I'm still using Krylon with no problems. I don't apply a heavy coat at first- just mist it on, followed by a heavier coat in about 10 minutes. No tacky problems for me. Worked fine on the vinyl figure of Uncle Martin from My Favorite Martian. If Rustoleum works- use that.


----------



## robiwon (Oct 20, 2006)

I have also used Duplicolor automotive primer from the auto parts store.


----------



## nautilusnut (Jul 9, 2008)

Got mine today! (from Cultman) Very nice with superb detail. My only quibble is the pose- but it's still a great kit. The model assembles very tightly with almost no seams. The vinyl is rather soft compared to other kits I've built.
I plan to add additional "spine horns" down the length of the tail with stretched sprue as per the full-size tail seen in the opening shots. The base is nice but maybe a bit "hilly" for my taste- I'll probably make my own. It is made of sturdy Vacuum-formed plastic. A more detailed paint guide is all one could reasonably ask for.

Thank you Pegasus!


----------



## wolfman66 (Feb 18, 2006)

I just gotten mine in today and the level of detail that is in this Dragon and figure is freaking off the hook.I know alot of you rather see kits like this in styrene and with ya on that one:dude:.But in noway could a kit company put that level of detail that is on this Dragon in styrene.So really glad Pegasus is still going this route with the material they are using for their kits and cant wait till that Shark comes out next!:thumbsup:


----------



## robiwon (Oct 20, 2006)

Can we get pics of the parts spread out?


----------



## nautilusnut (Jul 9, 2008)

> Can we get pics of the parts spread out?


tomorrow-


----------



## jaws62666 (Mar 25, 2009)

wolfman66 said:


> I just gotten mine in today and the level of detail that is in this Dragon and figure is freaking off the hook.I know alot of you rather see kits like this in styrene and with ya on that one:dude:.But in noway could a kit company put that level of detail that is on this Dragon in styrene.So really glad Pegasus is still going this route with the material they are using for their kits and cant wait till that Shark comes out next!:thumbsup:


Ive been waiting on the shark forever. I called Pegasus the other day, and they still have no release date on it or the Nautilus


----------



## wolfman66 (Feb 18, 2006)

jaws62666 said:


> Ive been waiting on the shark forever. I called Pegasus the other day, and they still have no release date on it or the Nautilus


 I can wait as it will be well worth it in the long run.:dude:


----------



## nautilusnut (Jul 9, 2008)

> Can we get pics of the parts spread out?


Here ya go-


----------



## rkoenn (Dec 18, 2007)

That is almost definitely one of their vacuum formed bases just like with the WWC Space Ark. There is really nothing wrong with that but you do have to be a bit more careful working with it. The dragon parts do look great and highly detailed. I think this will be one I pick up in the not too distant future, I have most of Pegasus's scifi kits so far. I wish they would release the Manned Lunar Exploration vehicle as it is so much like the 2001 EVA pods.


----------



## dreadnaught726 (Feb 5, 2011)

As far as primer, to be safe, I will be using either Tamiya or Testors acryl flat white, airbrushed.


----------



## John P (Sep 1, 1999)

This will be my first-ever Peter MacNicol model! :freak:



rkoenn said:


> That is almost definitely one of their vacuum formed bases just like with the WWC Space Ark.

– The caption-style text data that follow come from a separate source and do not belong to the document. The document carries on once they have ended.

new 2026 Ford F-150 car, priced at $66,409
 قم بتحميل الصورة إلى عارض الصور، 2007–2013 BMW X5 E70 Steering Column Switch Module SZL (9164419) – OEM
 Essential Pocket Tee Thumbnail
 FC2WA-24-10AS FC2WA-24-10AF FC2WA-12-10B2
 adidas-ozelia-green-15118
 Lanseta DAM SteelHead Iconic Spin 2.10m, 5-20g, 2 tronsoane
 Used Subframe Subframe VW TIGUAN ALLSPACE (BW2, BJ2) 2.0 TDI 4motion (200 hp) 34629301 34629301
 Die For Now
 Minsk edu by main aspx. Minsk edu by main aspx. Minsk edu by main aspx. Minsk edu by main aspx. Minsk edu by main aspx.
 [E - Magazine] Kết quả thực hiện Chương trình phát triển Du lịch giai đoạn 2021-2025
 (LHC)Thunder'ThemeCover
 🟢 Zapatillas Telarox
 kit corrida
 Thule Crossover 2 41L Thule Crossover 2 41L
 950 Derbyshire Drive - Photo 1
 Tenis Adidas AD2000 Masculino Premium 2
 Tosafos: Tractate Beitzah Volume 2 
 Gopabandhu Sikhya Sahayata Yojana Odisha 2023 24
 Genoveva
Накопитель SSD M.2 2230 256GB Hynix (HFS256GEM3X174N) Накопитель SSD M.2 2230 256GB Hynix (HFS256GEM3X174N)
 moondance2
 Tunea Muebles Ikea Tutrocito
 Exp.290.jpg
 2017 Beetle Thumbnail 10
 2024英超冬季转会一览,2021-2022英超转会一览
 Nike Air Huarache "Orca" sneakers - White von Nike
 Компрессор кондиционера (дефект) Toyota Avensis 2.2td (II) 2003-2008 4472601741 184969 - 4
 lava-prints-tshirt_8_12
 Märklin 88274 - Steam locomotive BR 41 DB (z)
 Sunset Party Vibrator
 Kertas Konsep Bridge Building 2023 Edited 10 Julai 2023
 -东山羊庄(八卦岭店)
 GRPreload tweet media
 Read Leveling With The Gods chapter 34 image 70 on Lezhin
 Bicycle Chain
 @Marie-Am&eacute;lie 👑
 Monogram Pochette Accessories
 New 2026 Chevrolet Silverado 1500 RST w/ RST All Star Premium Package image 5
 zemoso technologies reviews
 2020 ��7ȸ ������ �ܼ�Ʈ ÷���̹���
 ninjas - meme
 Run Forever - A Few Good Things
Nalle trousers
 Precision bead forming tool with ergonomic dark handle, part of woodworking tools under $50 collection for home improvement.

No almost about it, it _IS_ a vacuformed base.


----------



## dreadnaught726 (Feb 5, 2011)

Have the basic sections together. At first I was a little disappointed that this was a vinyl kit, but after examination and beginning the build, there really was no other option. It goes together well with minimal filling. Now the hard part, developing a painting strategy.


----------



## OzyMandias (Dec 29, 2004)

Wow! A nice looking kit. 

Vermithrax is IMHO the best movie dragon ever. Watching her crawl through the tunnel pursuing Galen still gives me the shivers. Phil Tippett is a genius.

Dragonslayer, sadly is not the best fantasy film. Some really great moments, but overall a dissapointment.


----------